- Task description
Starting at the line that contains "Portable Trailer Light" and stopping at the line that contains "Elegant Knit Cardigan", restate each line of the records below exactly. Omit the pictures.

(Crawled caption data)
###

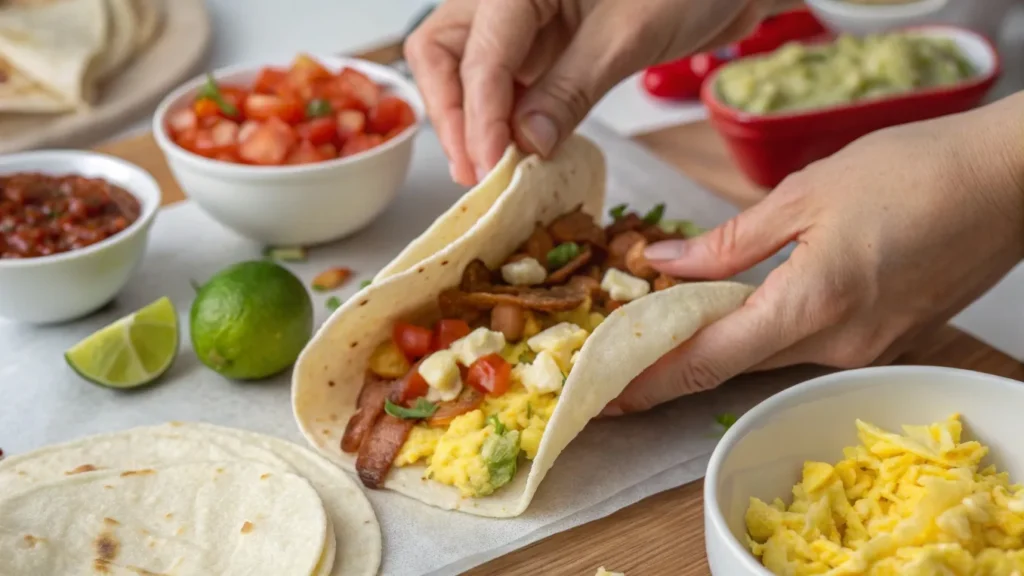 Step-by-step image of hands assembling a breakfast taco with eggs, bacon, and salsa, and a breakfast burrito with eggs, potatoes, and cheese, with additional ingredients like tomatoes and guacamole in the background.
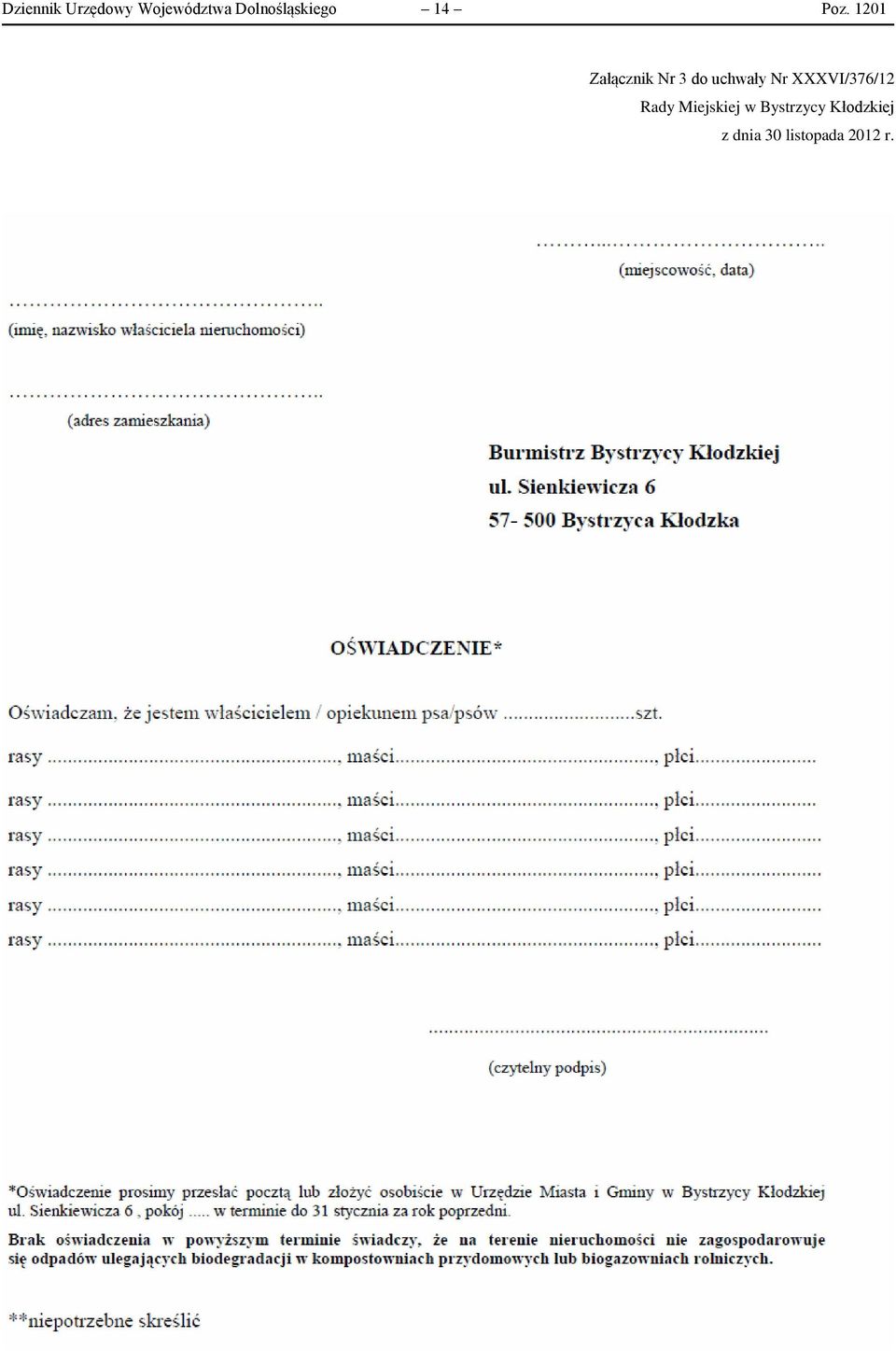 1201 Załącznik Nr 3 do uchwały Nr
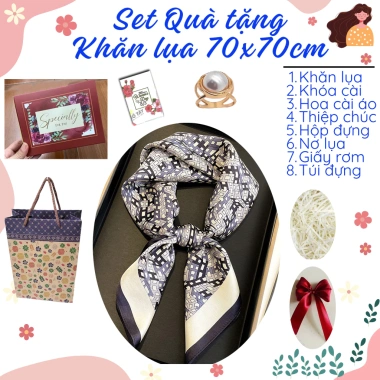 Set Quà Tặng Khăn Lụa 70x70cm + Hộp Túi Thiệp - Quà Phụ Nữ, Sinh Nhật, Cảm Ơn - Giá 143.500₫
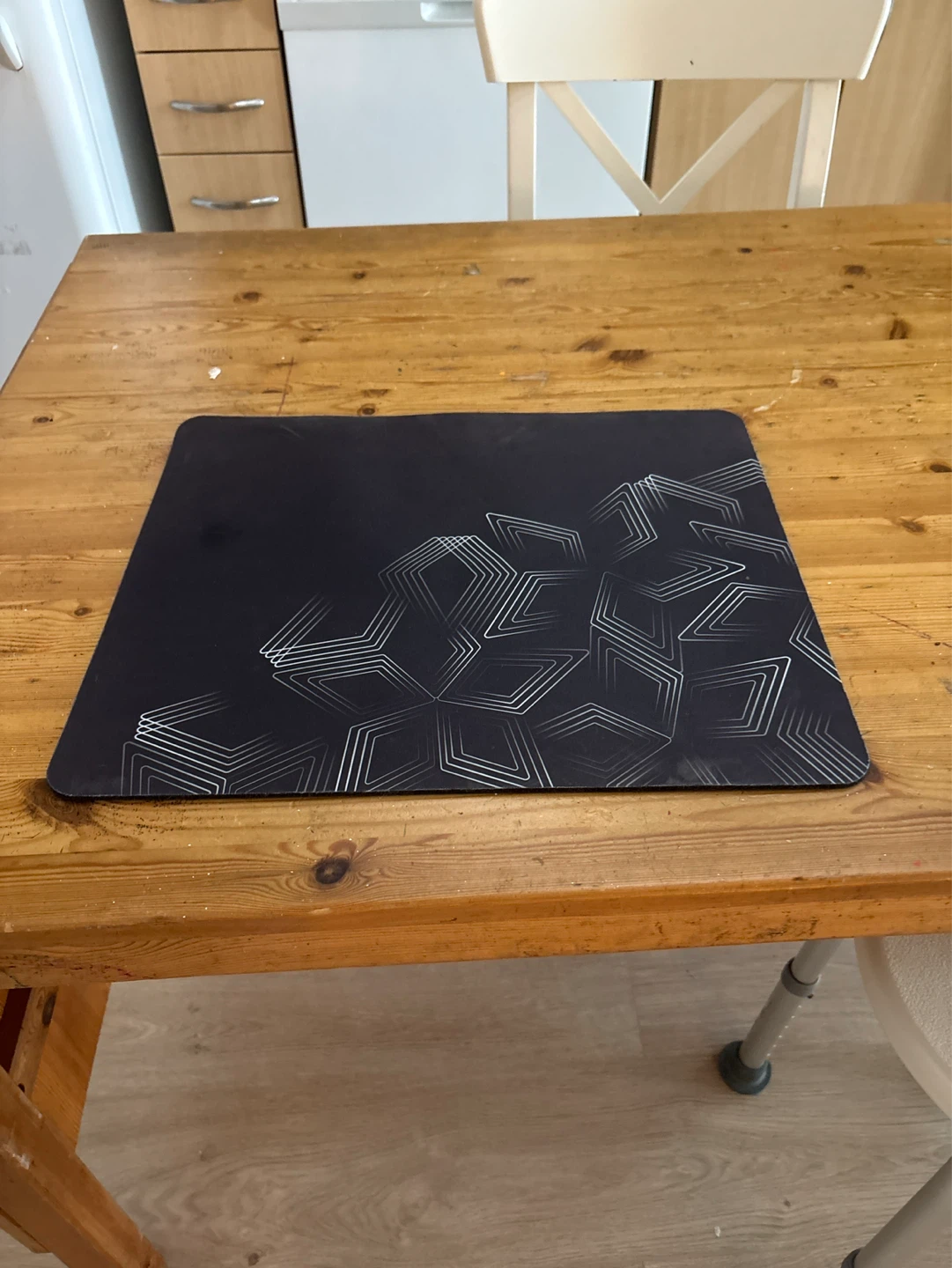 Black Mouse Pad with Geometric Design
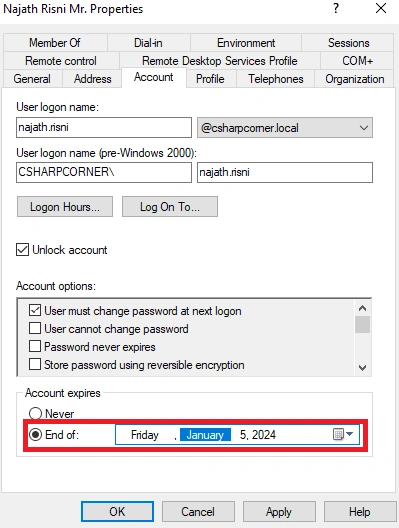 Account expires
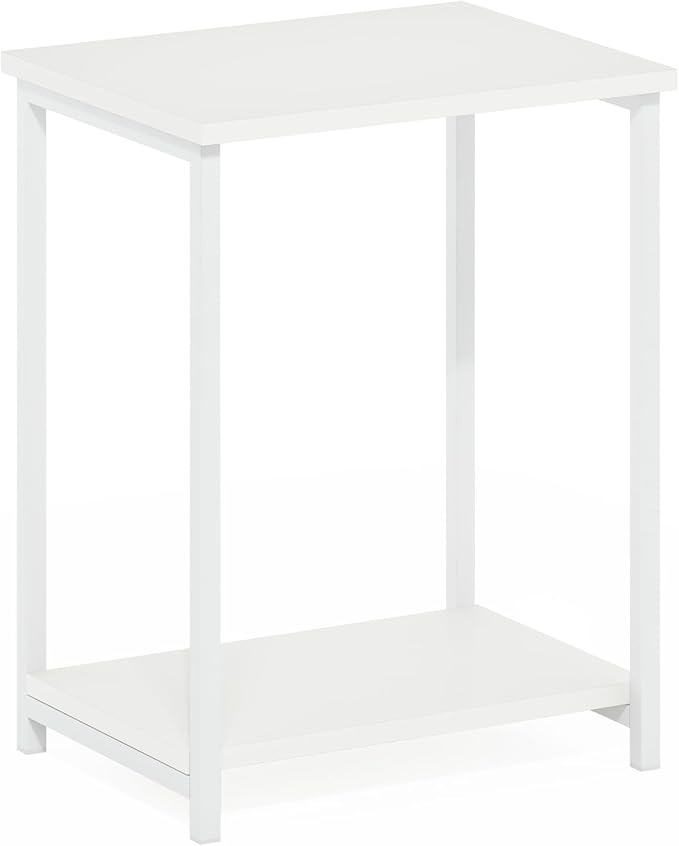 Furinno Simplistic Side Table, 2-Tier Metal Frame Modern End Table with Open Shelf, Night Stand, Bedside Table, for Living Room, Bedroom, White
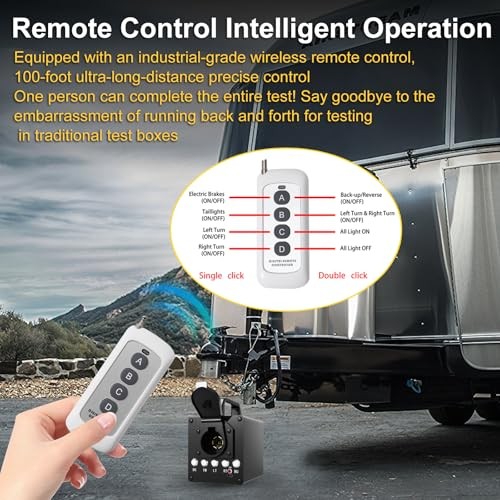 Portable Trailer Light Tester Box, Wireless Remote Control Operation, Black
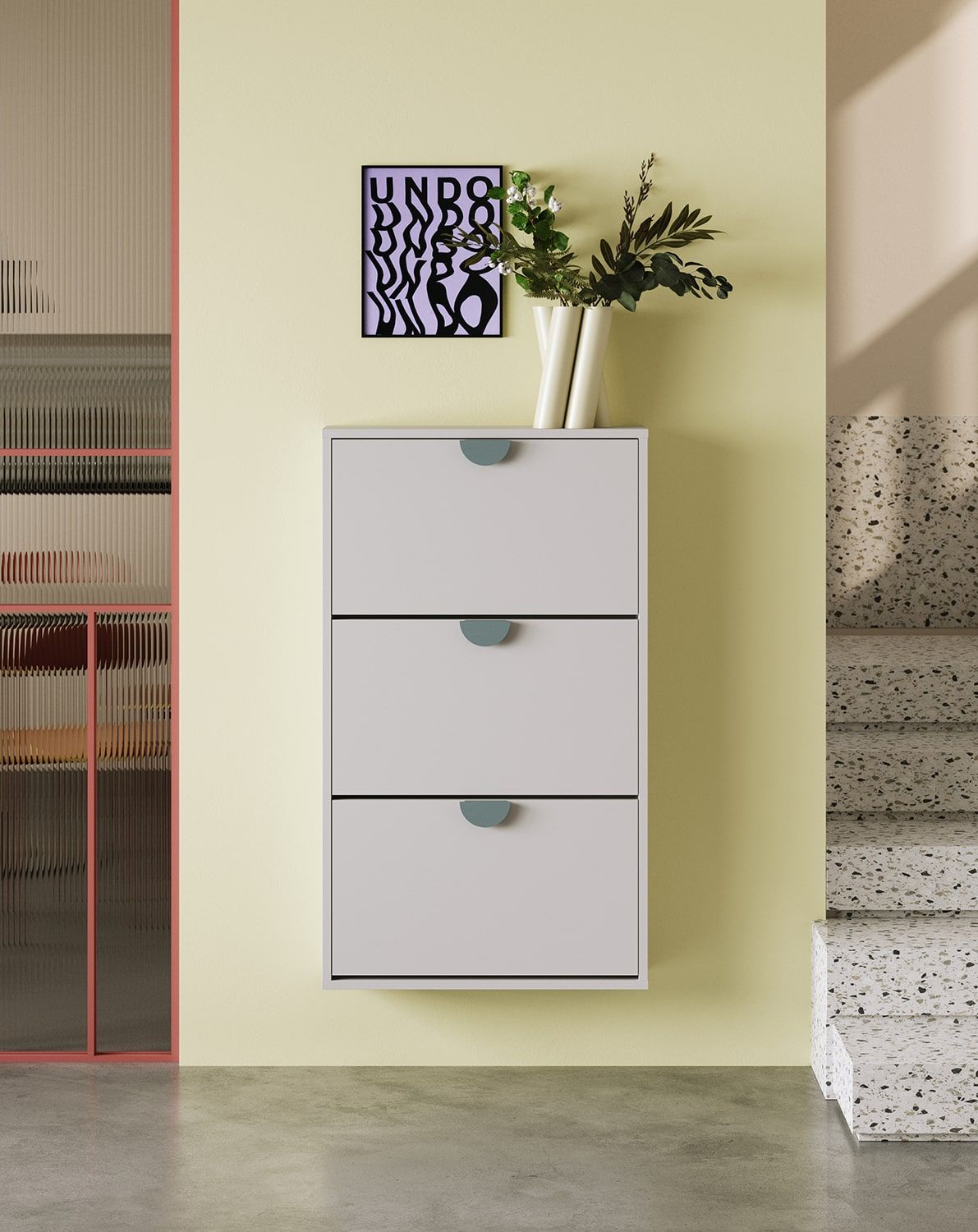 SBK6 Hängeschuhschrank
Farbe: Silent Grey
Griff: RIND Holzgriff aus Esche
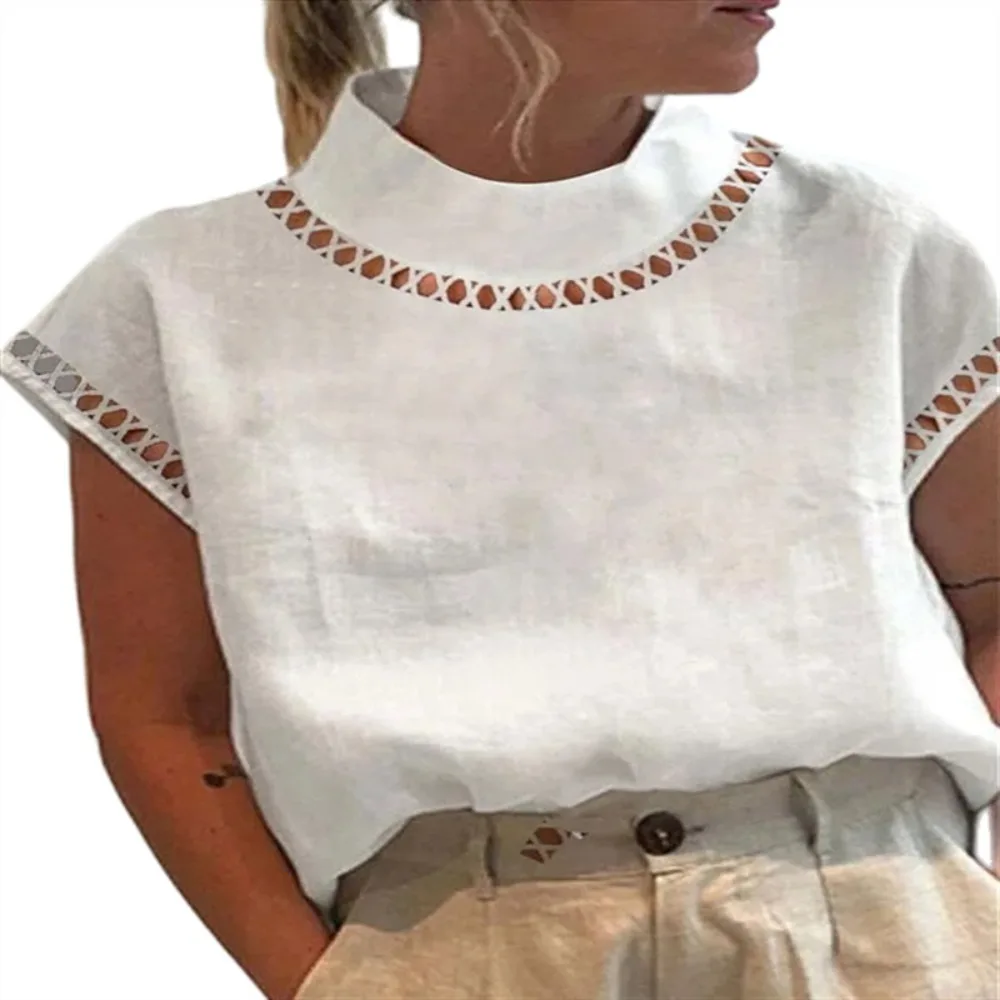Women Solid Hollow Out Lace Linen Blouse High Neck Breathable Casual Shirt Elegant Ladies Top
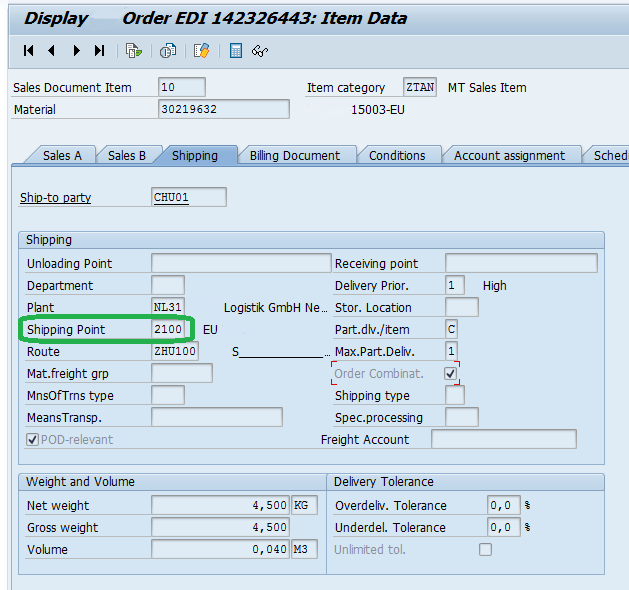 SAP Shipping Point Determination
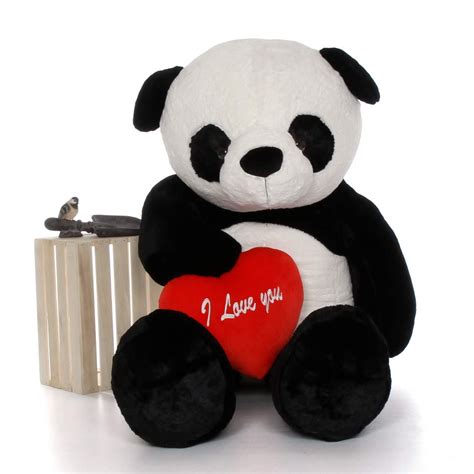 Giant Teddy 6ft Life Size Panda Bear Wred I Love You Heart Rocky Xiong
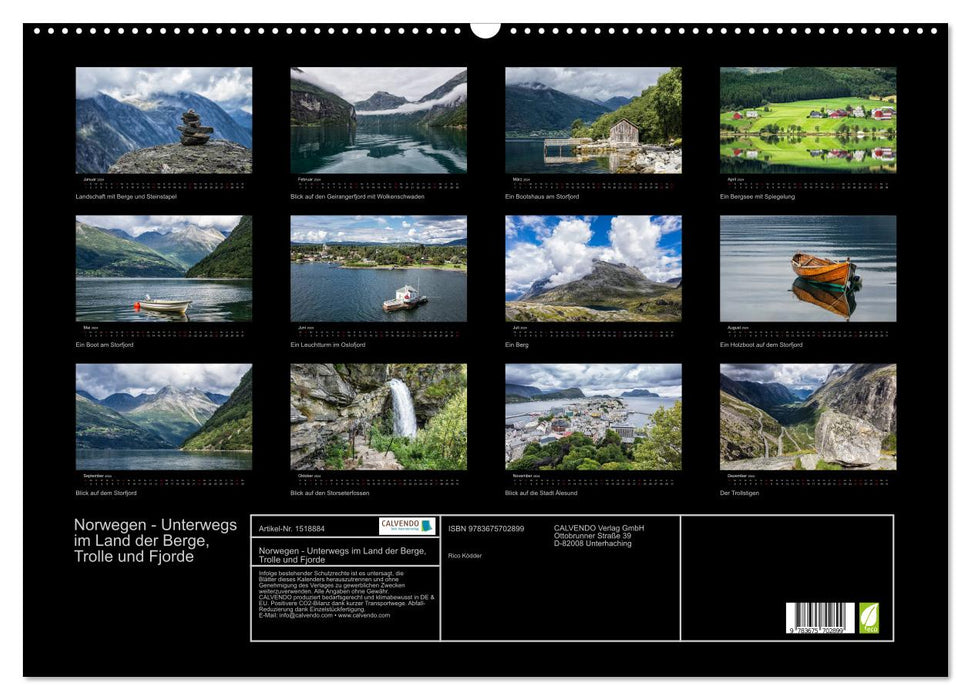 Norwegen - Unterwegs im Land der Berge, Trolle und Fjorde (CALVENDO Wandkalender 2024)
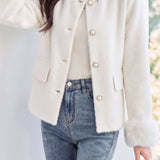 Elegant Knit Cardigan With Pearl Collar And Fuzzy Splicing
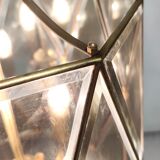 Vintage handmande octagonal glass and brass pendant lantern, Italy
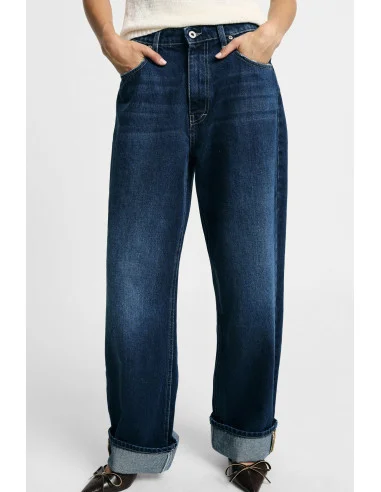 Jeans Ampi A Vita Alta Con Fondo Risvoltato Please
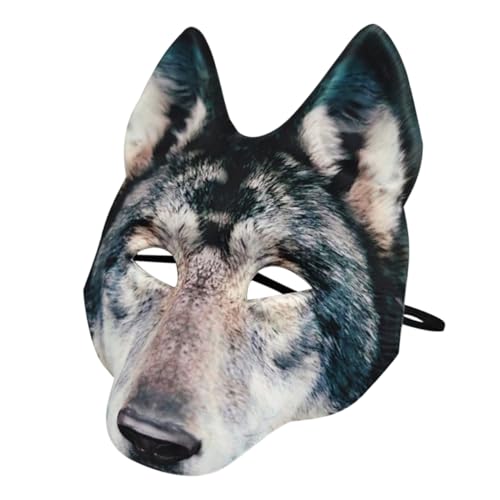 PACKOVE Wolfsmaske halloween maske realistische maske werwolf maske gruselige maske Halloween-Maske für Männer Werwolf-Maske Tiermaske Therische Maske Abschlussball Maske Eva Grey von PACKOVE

###

- Solution to the exercise
 Portable Trailer Light Tester Box, Wireless Remote Control Operation, Black
 SBK6 Hängeschuhschrank
Farbe: Silent Grey
Griff: RIND Holzgriff aus Esche
Women Solid Hollow Out Lace Linen Blouse High Neck Breathable Casual Shirt Elegant Ladies Top
 SAP Shipping Point Determination
 Giant Teddy 6ft Life Size Panda Bear Wred I Love You Heart Rocky Xiong
 Norwegen - Unterwegs im Land der Berge, Trolle und Fjorde (CALVENDO Wandkalender 2024)
 Elegant Knit Cardigan With Pearl Collar And Fuzzy Splicing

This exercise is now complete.